2004年7月31日

Drift in Tieli

Having a drift in Tieli was a hope of us. Today this will came true.

We all went to Tieli at 7:00 this morning. After three and a half hours in our beach wagon, we arrived to the Tonglong manor. Have a simple lunch, we began to our main activity--Drift in Yijimi River.

We were excited on the rafts and labber to each other. The stream was not quick. We should row to pull our rafts.

We were not only labberring to eacher, but also playing with some strangers all the way. There were two times to stop our rafts at the strands. The persons who were late were labbered by the earliers. And the first time Yiheng Chen and Xueting Li were labbered by all of us. The second time Wanxiang Che, Yongguang Huang, and Huipeng Zhang were labbered by all of us.

All of us had enjoied this drift. Good time it was. I thought so.

2004年7月30日

The ACE CR next task

The ACE CR next task was to use the newly decision tree to co-refer the CR relation of the evaluation corpus.

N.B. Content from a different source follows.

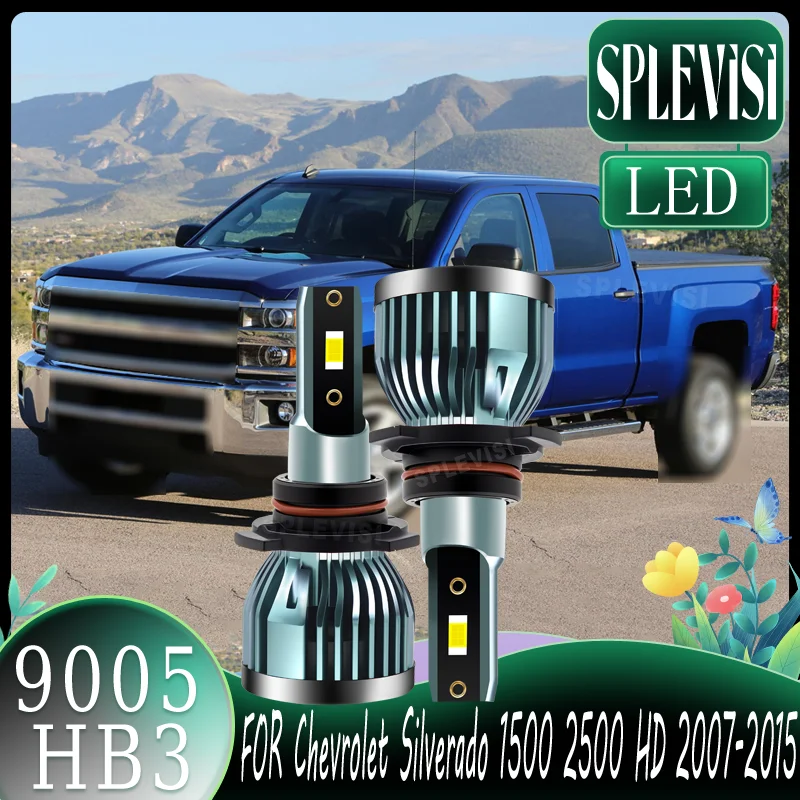 

Easy Installation 12v Headlight LED High Beam For Chevrolet Silverado 1500 2500 HD 2007 2008 2009 2010 2011 2012 2013 2014 2015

This was the core step of my whole task. I must pay more attention about it.

2004年7月29日

C4.5 to VC

The original C4.5R8 source code was in C format and running under Unix enviroment. The debug and trace works were difficult. In order to extract some inner result I must change the source codes into Cpp format and ender Windows format.

This work was tiring. As there were lots of function definition not in Cpp format and lots of re-definition errors must bu solved.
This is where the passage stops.